◆ **WHAT YOU HAVE TO DO**: Everything in the data except the pictures belongs in your answer, copied exactly.
Top of COLLECTED MATERIAL
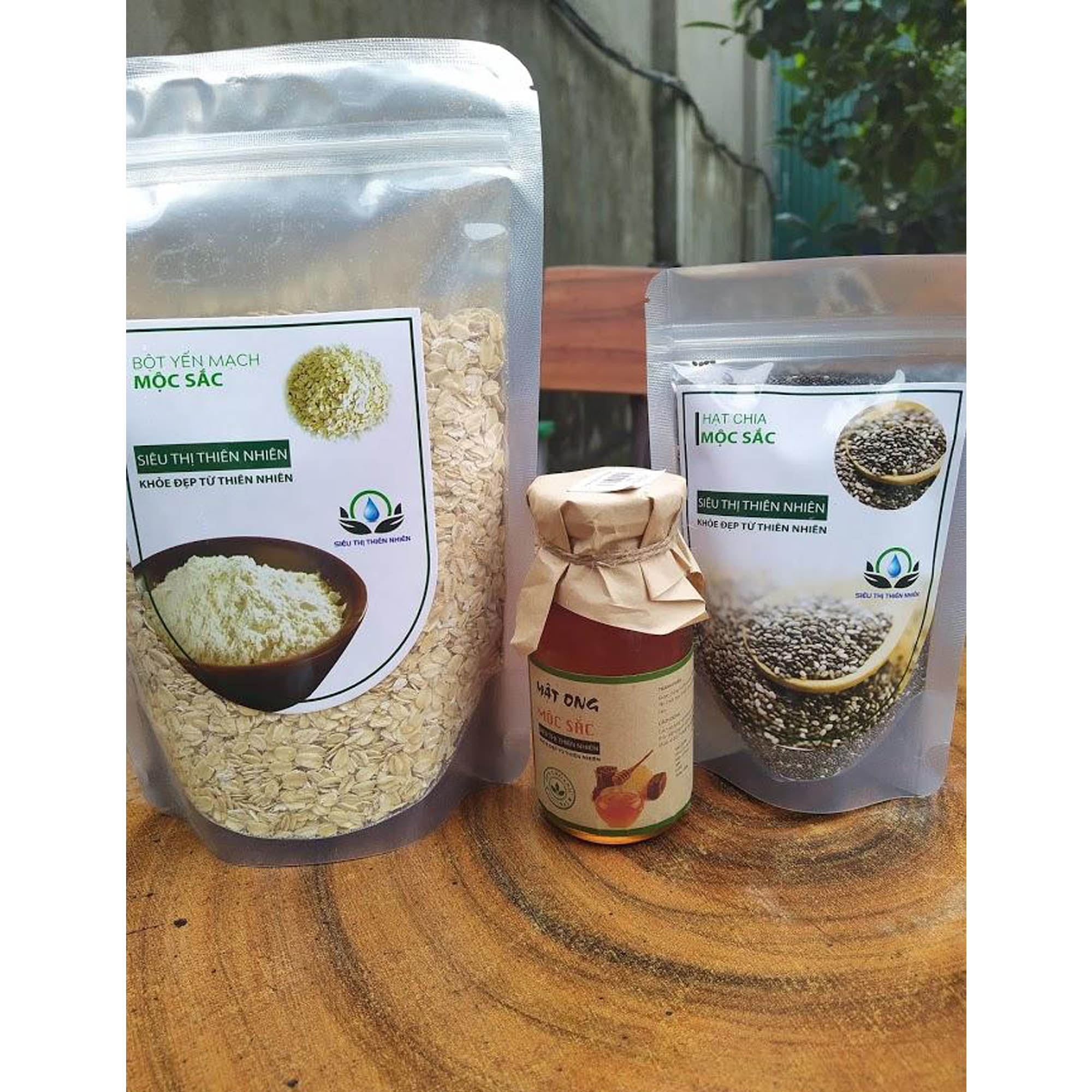 Combo Hạt Yến Mạch - Hạt Chia - Mật Ong Mộc Sắc bữa sáng giảm cân hiệu quả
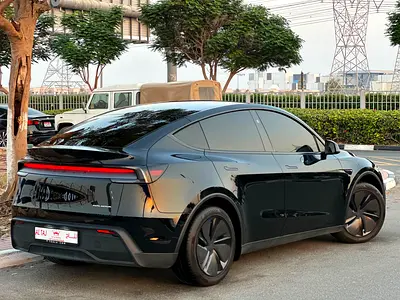 صورة 2 لـ 2025 Tesla MODEL Y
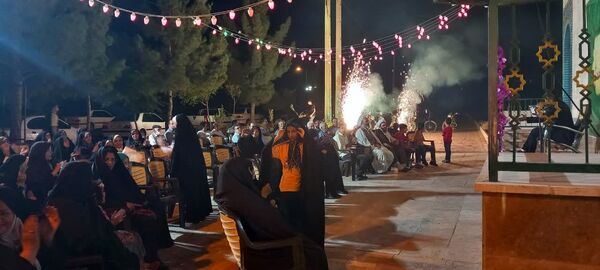 شکوه جشن میلاد پیامبر رحمت (ص) در جوار مسجدالنبی(ص) نیم‌ور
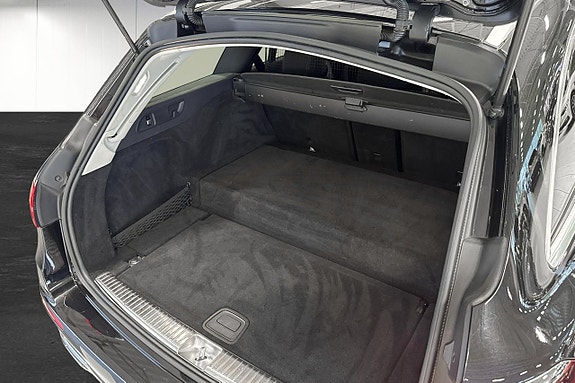 Mercedes-Benz E300 de 18 of 28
Bottom of COLLECTED MATERIAL
◆ **TASK ANSWER**:
 Combo Hạt Yến Mạch - Hạt Chia - Mật Ong Mộc Sắc bữa sáng giảm cân hiệu quả
 صورة 2 لـ 2025 Tesla MODEL Y
 شکوه جشن میلاد پیامبر رحمت (ص) در جوار مسجدالنبی(ص) نیم‌ور
 Mercedes-Benz E300 de 18 of 28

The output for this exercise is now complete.